Last updated: Fri 3 Apr 2015, 2:00 PM

“As the Egyptians work hard now to defeat terror and turn back other security threats in the Sinai, we’ve been supportive of those efforts,” said US State Department spokeswoman Victoria Nuland in Washington.

“We have encouraged them in those efforts not only to enhance security in Egypt but also to enhance security for neighbors, security in the region,” she said, referring to Israel.

Israeli Prime Minister Benjamin Netanyahu recently urged Cairo to withdraw tanks deployed near the border in Sinai, which aimed to suppress Islamist groups, Israeli newspaper Maariv reported on Tuesday.

And in a message sent to Cairo via the White House, Israel demanded that Egypt stop deploying more troops to the region without Israeli cooperation — in observation of the 1979 peace treaty between the nations.

That agreement stipulated the Sinai’s demilitarisation, but a senior Israeli official told Maariv that the recent deployments were a troubling violation of the peace accord. Egypt faces a serious crisis in the Sinai, where 16 border guards were killed on August 5 by a group of Islamists, who subsequently infiltrated Israeli territory and were killed by tank and helicopter fire.

In the wake of the attack on the army outpost, recently elected Egyptian President Mohammed Mursi dismissed his defence minister, replaced his spy chief and sacked top security and political officials in the Sinai.

On August 14, Egyptian security forces exchanged fire with militants in the peninsula and on August 18, militants wounded three policemen there in an ambush of their vehicle with a rocket-propelled grenade.

The tribes of the Sinai, an area mainly populated by Bedouins, have long had strained relations with the central government, which they accuse of neglecting the development of the peninsula

The military campaign has seen the largest buildup of troops in the Sinai since Israel returned the territory under the 1979 peace treaty.
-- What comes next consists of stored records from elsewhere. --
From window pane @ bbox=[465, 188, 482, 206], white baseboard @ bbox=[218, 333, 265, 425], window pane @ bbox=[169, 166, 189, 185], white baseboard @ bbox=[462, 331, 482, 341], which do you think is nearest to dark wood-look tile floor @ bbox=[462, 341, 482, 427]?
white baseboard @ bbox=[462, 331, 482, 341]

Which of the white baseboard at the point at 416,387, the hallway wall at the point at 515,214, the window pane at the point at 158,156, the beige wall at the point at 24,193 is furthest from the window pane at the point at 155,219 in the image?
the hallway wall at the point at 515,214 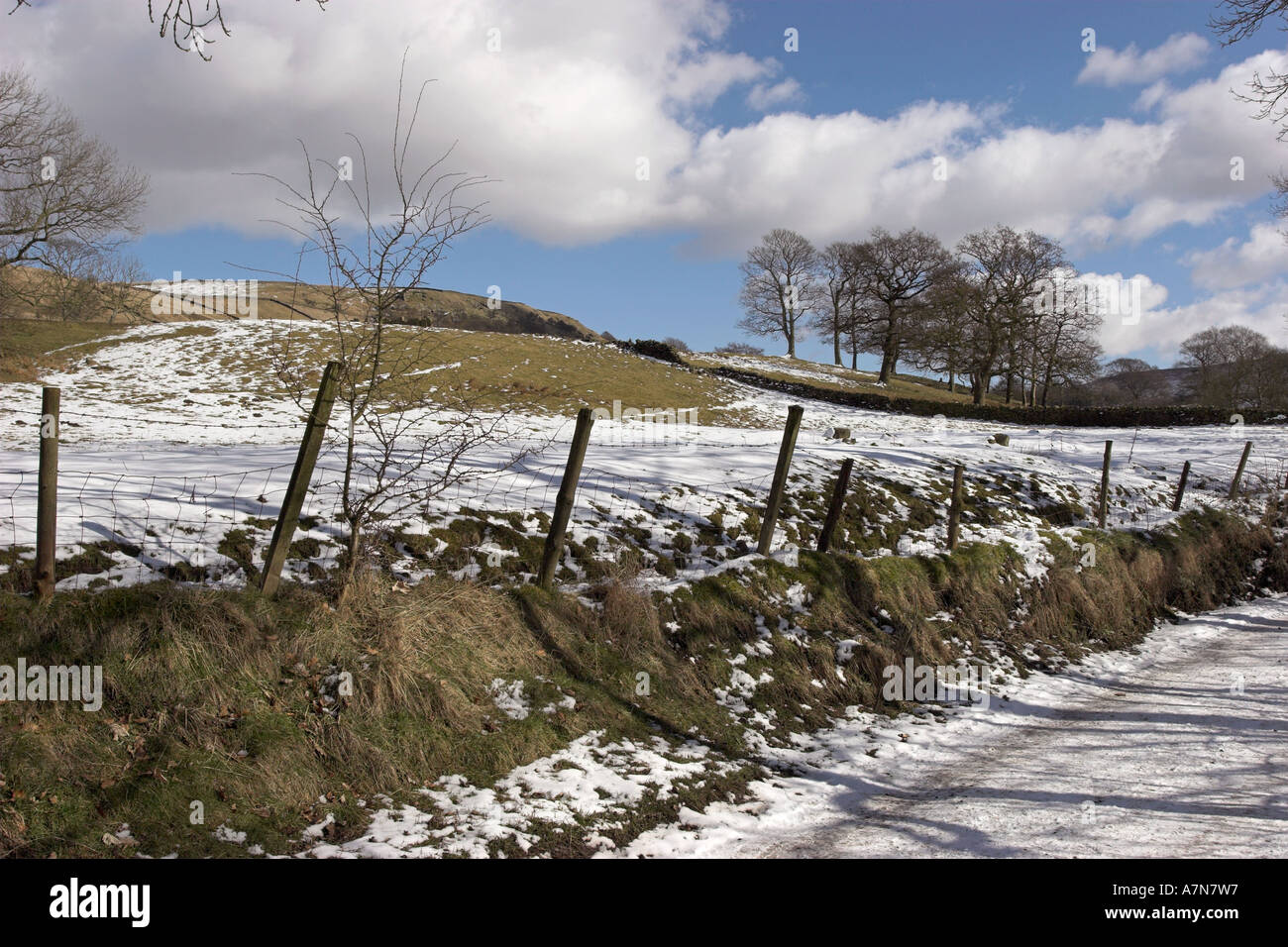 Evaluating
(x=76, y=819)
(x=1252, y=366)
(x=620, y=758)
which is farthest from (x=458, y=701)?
(x=1252, y=366)

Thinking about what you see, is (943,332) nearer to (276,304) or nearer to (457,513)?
(276,304)

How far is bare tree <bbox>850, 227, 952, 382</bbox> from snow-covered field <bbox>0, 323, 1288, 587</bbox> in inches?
949

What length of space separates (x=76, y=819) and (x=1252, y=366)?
78181mm

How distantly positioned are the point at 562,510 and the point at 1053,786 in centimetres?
513

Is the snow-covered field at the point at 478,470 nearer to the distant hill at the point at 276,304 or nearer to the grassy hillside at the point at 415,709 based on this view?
the grassy hillside at the point at 415,709

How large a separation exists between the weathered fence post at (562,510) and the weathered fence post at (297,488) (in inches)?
96.4

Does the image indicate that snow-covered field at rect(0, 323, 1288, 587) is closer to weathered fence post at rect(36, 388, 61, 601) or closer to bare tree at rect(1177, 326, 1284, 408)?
weathered fence post at rect(36, 388, 61, 601)

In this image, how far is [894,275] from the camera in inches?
2117

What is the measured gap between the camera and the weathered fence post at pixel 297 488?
591 cm

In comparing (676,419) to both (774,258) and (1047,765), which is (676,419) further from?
(774,258)

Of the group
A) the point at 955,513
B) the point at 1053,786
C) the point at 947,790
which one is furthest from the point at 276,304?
the point at 1053,786

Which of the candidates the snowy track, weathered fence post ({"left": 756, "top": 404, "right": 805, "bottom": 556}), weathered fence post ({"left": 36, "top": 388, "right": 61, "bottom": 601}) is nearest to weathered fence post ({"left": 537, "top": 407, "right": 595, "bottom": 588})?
weathered fence post ({"left": 756, "top": 404, "right": 805, "bottom": 556}) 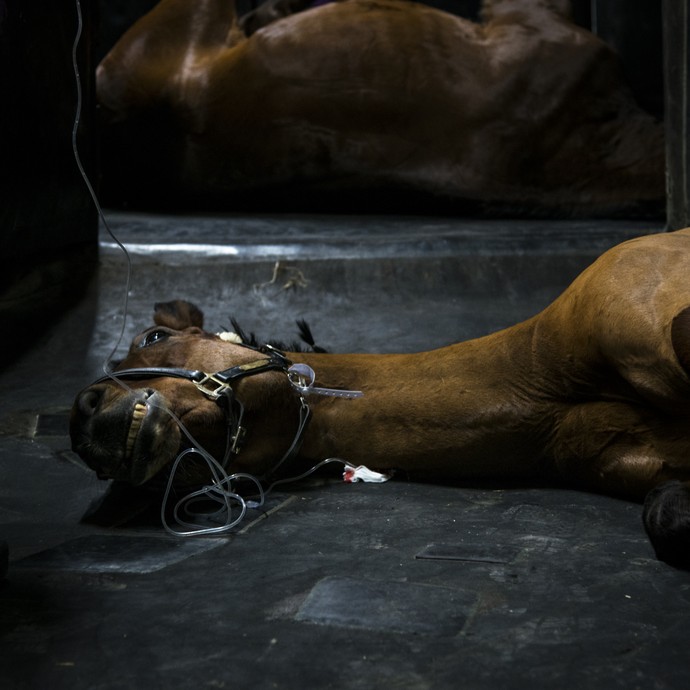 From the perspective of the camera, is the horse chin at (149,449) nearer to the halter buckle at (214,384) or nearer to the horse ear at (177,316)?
the halter buckle at (214,384)

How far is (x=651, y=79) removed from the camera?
8375 mm

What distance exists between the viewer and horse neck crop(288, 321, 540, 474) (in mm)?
3023

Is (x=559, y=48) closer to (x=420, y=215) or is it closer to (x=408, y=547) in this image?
(x=420, y=215)

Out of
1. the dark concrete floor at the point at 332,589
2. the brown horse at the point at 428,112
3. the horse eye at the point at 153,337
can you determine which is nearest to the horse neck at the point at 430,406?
the dark concrete floor at the point at 332,589

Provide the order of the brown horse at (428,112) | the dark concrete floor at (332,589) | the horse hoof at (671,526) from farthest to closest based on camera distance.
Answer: the brown horse at (428,112) → the horse hoof at (671,526) → the dark concrete floor at (332,589)

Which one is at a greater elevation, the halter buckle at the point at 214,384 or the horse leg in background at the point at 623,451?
the halter buckle at the point at 214,384

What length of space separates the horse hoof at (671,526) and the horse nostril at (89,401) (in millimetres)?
1381

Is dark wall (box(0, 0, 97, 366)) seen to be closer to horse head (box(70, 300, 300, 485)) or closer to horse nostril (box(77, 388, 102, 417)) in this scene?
horse head (box(70, 300, 300, 485))

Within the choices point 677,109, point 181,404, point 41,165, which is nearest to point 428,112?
point 677,109

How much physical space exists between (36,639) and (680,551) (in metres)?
1.34

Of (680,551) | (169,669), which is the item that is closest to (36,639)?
(169,669)

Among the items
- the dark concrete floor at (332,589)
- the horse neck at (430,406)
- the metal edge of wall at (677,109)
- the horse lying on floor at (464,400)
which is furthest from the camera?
the metal edge of wall at (677,109)

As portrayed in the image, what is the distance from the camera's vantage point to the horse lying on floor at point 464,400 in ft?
8.77

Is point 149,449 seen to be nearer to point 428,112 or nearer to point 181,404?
point 181,404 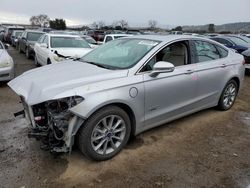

President Mursi, meanwhile, will visit the United States on September 23, making his first trip there since taking power in June, the presidential spokesman said on Wednesday. The United States was a close ally of Egypt under ousted President Hosni Mubarak and gives $1.3 billion in military aid a year to Egypt plus other assistance.

Long wary of Islamists, Washington opened formal talks with Mursi’s Muslim Brotherhood in 2011 as the group emerged as a major player in the political scene of the first Arab state to sign a peace treaty with Israel. US Secretary of State Hillary Clinton met Mursi in Egypt during a visit in July. “President Mursi will visit the United States on Sept. 23 after his visit to China,” presidential spokesman Yasser Ali told, referring to a visit to Beijing next week.

In July, US President Barack Obama invited Mursi to the United States in September during the UN General Assembly meetings, but no date was announced. — Agencies

Mursi is due to visit China on Aug. 27 and will then go to Iran to attend a meeting of the Non-Aligned Movement on August 30. His first official visit was to Saudi Arabia.

Meanwhile, Egypt’s prime minister hass said he expects to reach an agreement by the end of the year with the International Monetary Fund on an aid package to help boost the country’s sagging economy.